··· TASK INPUTS ···

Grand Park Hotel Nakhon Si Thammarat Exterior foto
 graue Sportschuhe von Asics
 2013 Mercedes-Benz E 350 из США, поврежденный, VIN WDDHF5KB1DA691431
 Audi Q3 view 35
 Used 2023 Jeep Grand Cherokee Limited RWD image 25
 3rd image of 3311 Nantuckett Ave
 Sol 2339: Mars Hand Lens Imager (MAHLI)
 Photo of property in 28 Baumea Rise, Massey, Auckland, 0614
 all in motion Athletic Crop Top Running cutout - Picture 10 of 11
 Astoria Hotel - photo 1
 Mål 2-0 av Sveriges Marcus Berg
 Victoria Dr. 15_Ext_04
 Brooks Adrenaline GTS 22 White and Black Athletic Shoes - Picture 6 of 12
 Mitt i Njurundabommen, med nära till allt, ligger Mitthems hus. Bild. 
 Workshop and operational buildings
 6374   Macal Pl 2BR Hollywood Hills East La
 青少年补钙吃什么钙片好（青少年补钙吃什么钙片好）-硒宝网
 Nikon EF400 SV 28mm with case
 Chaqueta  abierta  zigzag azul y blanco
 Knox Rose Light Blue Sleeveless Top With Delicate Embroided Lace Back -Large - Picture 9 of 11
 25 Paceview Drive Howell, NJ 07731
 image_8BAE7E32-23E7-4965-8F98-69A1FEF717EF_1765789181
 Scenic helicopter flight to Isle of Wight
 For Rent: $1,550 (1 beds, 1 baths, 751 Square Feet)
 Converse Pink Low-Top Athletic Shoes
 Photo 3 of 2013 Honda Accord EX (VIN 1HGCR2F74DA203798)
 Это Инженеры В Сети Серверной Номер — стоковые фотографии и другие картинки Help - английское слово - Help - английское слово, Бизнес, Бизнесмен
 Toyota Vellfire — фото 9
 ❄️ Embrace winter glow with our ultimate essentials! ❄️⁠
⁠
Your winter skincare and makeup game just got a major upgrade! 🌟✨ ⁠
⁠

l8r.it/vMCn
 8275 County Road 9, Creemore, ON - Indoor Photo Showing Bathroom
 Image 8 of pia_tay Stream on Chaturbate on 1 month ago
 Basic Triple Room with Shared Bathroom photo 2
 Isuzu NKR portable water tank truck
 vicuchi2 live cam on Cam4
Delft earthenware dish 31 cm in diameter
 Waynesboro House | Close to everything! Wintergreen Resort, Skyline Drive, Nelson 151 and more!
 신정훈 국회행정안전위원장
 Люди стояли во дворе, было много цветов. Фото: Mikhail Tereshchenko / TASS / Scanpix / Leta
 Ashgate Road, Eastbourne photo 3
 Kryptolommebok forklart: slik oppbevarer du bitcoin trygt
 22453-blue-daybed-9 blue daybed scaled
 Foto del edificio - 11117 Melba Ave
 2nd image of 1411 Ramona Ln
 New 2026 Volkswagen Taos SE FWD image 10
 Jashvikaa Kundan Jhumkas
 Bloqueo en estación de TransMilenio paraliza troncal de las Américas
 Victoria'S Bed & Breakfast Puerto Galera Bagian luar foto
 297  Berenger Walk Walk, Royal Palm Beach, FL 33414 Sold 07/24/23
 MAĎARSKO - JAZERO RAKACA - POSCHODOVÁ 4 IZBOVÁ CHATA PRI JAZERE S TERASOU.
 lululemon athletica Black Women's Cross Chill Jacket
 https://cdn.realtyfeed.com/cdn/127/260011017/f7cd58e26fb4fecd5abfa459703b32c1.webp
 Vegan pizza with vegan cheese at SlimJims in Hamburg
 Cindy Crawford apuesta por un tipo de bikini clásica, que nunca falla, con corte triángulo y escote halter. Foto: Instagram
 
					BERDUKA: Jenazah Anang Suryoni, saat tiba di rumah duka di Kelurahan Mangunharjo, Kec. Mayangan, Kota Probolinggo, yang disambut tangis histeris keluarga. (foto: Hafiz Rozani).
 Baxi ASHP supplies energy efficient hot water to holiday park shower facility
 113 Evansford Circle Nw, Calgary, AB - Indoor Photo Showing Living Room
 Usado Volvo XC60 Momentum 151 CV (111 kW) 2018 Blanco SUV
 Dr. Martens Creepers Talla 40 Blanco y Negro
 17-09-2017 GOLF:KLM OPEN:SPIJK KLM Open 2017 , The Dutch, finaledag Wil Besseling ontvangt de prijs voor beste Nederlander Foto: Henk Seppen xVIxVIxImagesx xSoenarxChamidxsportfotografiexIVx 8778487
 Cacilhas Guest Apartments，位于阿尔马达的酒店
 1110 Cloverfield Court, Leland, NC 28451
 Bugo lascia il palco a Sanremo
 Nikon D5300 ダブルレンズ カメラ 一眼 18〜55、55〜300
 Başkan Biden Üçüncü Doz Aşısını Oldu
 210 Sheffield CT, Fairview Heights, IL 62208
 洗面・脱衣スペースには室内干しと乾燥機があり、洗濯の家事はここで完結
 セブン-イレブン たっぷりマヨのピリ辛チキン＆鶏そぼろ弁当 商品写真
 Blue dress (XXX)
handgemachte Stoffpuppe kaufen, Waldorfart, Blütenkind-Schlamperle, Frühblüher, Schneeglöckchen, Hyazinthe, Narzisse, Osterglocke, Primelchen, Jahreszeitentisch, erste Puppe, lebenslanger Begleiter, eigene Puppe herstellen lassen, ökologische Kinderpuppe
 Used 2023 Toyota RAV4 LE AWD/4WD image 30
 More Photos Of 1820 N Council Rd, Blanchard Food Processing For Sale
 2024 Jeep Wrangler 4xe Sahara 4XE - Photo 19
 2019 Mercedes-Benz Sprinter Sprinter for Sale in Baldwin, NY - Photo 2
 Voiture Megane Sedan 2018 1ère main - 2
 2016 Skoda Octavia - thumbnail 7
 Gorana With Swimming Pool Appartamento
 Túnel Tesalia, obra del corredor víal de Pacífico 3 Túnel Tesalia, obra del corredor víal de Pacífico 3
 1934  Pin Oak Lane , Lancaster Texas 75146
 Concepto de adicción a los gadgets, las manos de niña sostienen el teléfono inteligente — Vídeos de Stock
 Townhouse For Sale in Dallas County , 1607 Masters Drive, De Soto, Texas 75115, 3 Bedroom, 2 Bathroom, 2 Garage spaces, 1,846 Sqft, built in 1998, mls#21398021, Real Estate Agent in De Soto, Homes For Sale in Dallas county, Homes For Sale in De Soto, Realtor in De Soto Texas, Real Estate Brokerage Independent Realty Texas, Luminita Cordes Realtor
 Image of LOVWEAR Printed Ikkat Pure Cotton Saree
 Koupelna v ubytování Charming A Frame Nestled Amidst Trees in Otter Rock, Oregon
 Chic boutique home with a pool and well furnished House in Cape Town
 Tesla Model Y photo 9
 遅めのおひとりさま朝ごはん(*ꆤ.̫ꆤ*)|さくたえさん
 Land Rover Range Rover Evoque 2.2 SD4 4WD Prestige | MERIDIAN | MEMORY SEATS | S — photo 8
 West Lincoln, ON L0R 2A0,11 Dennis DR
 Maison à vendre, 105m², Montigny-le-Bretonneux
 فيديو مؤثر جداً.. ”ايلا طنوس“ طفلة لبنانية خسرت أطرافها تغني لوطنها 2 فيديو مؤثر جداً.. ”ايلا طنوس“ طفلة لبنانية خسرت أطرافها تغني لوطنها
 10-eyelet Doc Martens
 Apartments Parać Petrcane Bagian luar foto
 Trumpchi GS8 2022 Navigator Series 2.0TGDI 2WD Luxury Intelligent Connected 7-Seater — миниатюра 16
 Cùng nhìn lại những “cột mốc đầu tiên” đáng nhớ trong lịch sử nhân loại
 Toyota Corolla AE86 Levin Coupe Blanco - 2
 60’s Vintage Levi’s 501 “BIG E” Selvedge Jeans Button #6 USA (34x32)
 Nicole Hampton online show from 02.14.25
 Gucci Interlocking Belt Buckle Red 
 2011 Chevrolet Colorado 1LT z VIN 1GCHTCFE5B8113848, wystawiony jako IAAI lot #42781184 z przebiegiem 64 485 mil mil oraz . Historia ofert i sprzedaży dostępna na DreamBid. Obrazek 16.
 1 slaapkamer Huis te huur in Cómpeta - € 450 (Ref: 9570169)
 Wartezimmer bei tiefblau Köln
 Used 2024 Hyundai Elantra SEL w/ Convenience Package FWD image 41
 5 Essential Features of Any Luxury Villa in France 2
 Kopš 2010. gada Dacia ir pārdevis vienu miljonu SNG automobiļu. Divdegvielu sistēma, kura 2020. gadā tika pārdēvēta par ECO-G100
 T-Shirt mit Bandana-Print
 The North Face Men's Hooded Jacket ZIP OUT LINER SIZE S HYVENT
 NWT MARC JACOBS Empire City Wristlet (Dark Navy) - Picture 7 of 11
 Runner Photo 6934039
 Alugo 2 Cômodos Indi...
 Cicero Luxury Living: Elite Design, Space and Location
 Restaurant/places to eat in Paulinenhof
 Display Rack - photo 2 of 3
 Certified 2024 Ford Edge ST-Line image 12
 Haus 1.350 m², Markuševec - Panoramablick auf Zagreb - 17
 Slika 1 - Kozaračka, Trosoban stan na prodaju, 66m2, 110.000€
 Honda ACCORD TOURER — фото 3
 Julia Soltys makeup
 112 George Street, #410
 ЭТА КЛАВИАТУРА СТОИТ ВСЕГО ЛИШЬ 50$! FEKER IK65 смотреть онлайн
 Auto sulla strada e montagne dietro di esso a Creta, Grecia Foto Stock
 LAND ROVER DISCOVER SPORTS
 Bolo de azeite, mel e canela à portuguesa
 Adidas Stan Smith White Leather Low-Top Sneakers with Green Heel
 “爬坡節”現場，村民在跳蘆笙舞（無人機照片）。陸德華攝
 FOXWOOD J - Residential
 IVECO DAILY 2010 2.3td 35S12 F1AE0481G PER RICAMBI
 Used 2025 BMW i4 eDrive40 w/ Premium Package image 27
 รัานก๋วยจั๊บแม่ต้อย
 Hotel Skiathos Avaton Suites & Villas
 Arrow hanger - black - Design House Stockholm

···

**TASK OBJECTIVE:** Filter the entries down to the lines that hold "Toyota". Copy those lines.

**PROBLEM SOLUTION:**
 Toyota Vellfire — фото 9
 Used 2023 Toyota RAV4 LE AWD/4WD image 30
 Toyota Corolla AE86 Levin Coupe Blanco - 2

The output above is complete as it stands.